===== Extracted records

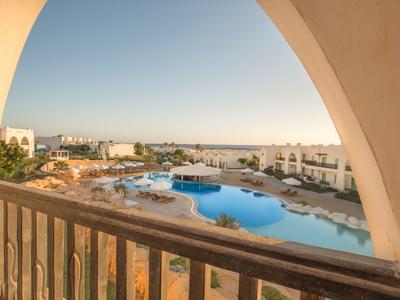 View from a balcony overlooking a pool and hotel buildings under clear sky.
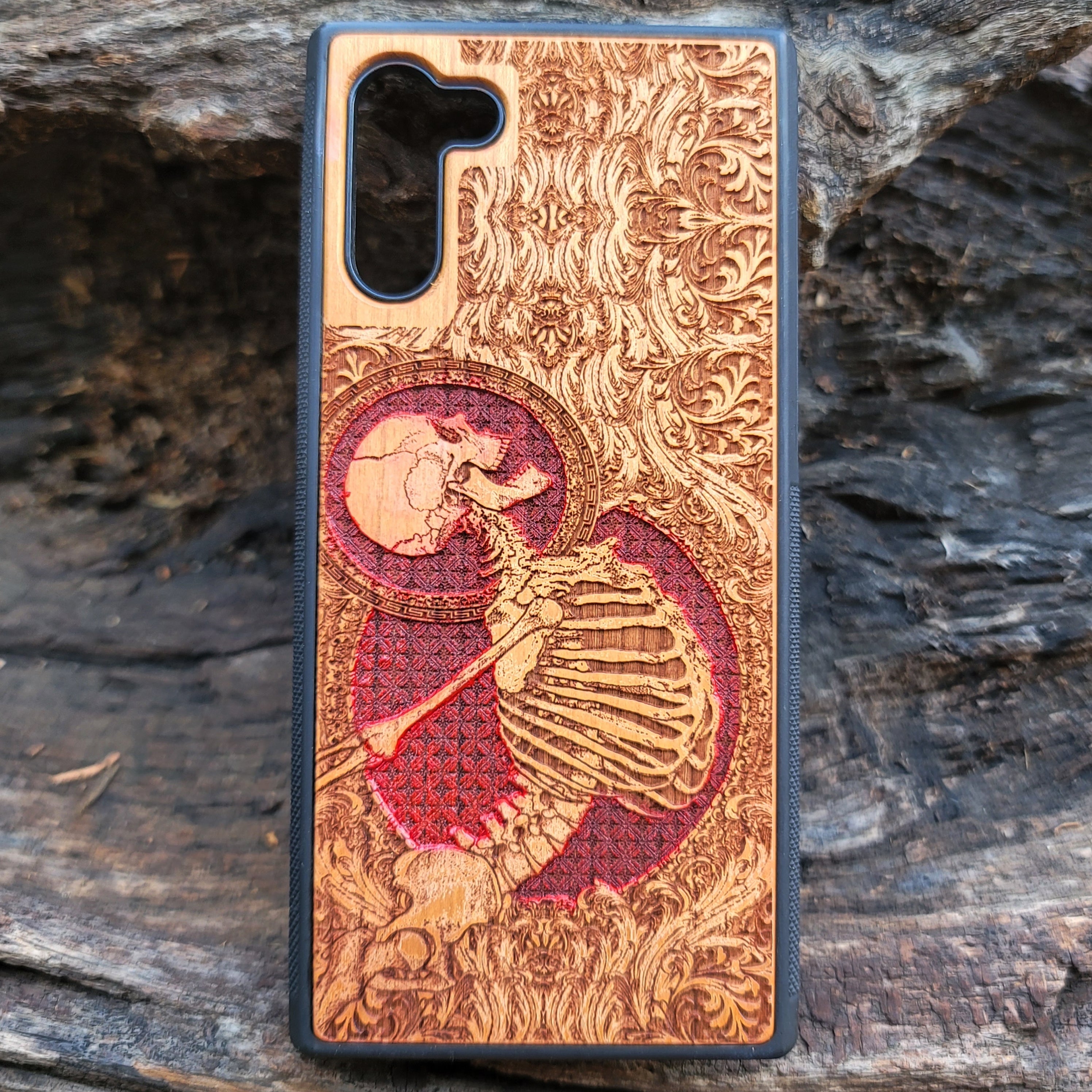 Cherry wood phone case with laser-engraved human skeleton and red Gothic design for iPhone & Samsung Galaxy.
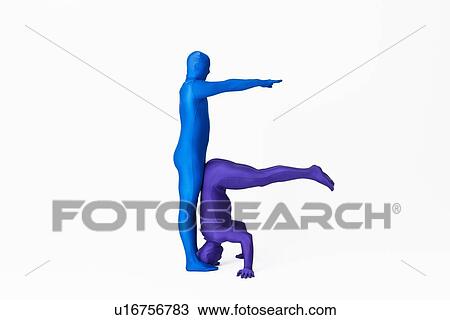 Stock Image - Men in bodysuits making the letter F. Fotosearch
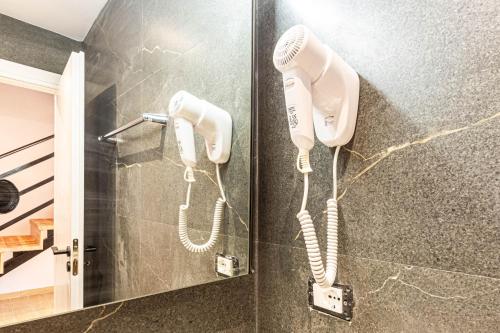 two white phones hanging on a wall in a bathroom at AMA'S Duplex 5 - Parking, Kitchen, Central in Himare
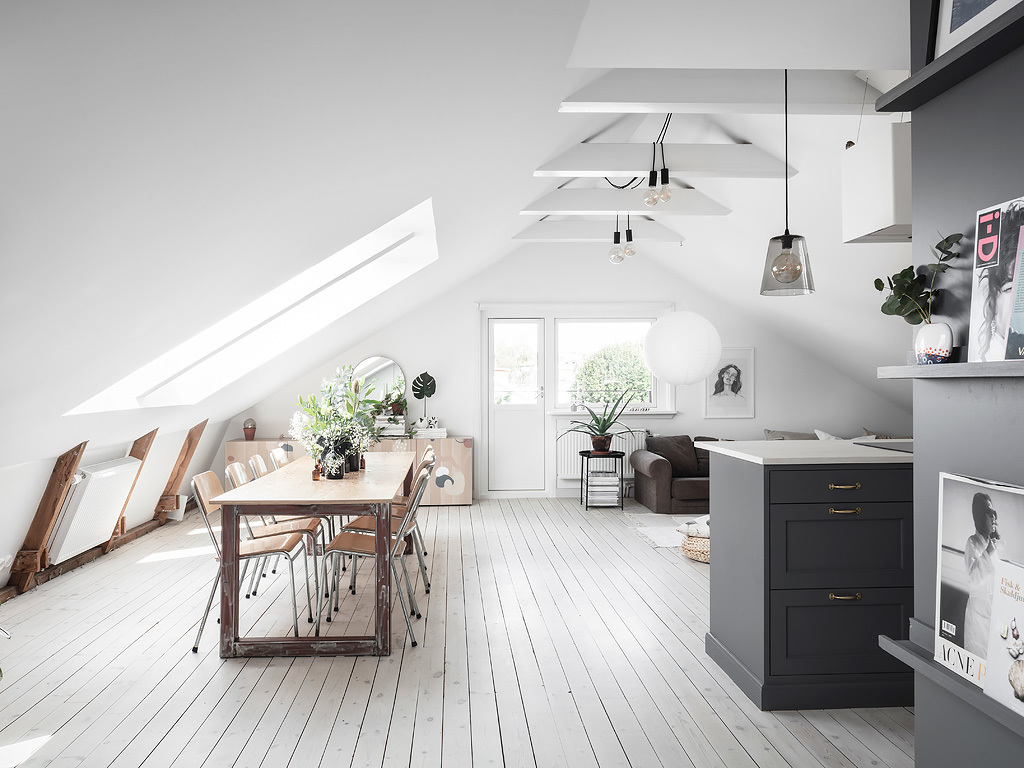 grote eettafel onder schuine wanden woonkamer dakramen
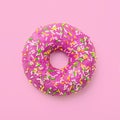 Purple donut in glaze on a pink background. Great fresh tasty pu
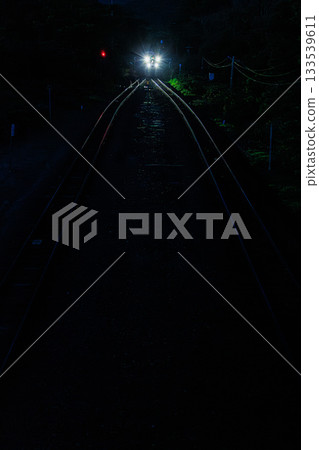 Headlights cutting through the darkness: Night train on the Hakodate Main Line 133539611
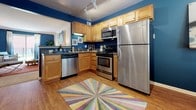 Located at 165 Kathann Dr in Hampton, Virginia, this single-floor residence offers a well-designed layout that balances comfort and style. The spacious living room serves as the heart of the home, featuring crown molding, a bold accent wall in deep navy blue, and a sliding glass door that opens to a private outdoor balcony, filling the space with natural light. The open sightline connects the living area to the kitchen, which is outfitted with light maple cabinetry, dark countertops, stainless steel appliances including a refrigerator, range, microwave, and dishwasher, and wood-look flooring under track lighting. The primary bedroom features a striking teal accent wall, plush carpeting, and windows that allow for ample natural light, creating a bold yet restful retreat. A second bedroom offers a quieter, neutral palette with soft carpeting and natural light from corner windows. The primary bathroom includes an extended vanity with warm wood cabinetry, a large mirror, and wood-look flooring, while the second full bathroom features a shower-tub combination, a single vanity, and matching wood-look flooring. The overall ambiance of the home is vibrant and well-appointed, with cohesive design choices that make each room feel intentional and inviting.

==========

Exercise details
The answer should consist only of the lines from the line with "Purple donut in" through the last line of the data, repeated exactly; pictures stay out.

Final answer
 Purple donut in glaze on a pink background. Great fresh tasty pu
 Headlights cutting through the darkness: Night train on the Hakodate Main Line 133539611
 Located at 165 Kathann Dr in Hampton, Virginia, this single-floor residence offers a well-designed layout that balances comfort and style. The spacious living room serves as the heart of the home, featuring crown molding, a bold accent wall in deep navy blue, and a sliding glass door that opens to a private outdoor balcony, filling the space with natural light. The open sightline connects the living area to the kitchen, which is outfitted with light maple cabinetry, dark countertops, stainless steel appliances including a refrigerator, range, microwave, and dishwasher, and wood-look flooring under track lighting. The primary bedroom features a striking teal accent wall, plush carpeting, and windows that allow for ample natural light, creating a bold yet restful retreat. A second bedroom offers a quieter, neutral palette with soft carpeting and natural light from corner windows. The primary bathroom includes an extended vanity with warm wood cabinetry, a large mirror, and wood-look flooring, while the second full bathroom features a shower-tub combination, a single vanity, and matching wood-look flooring. The overall ambiance of the home is vibrant and well-appointed, with cohesive design choices that make each room feel intentional and inviting.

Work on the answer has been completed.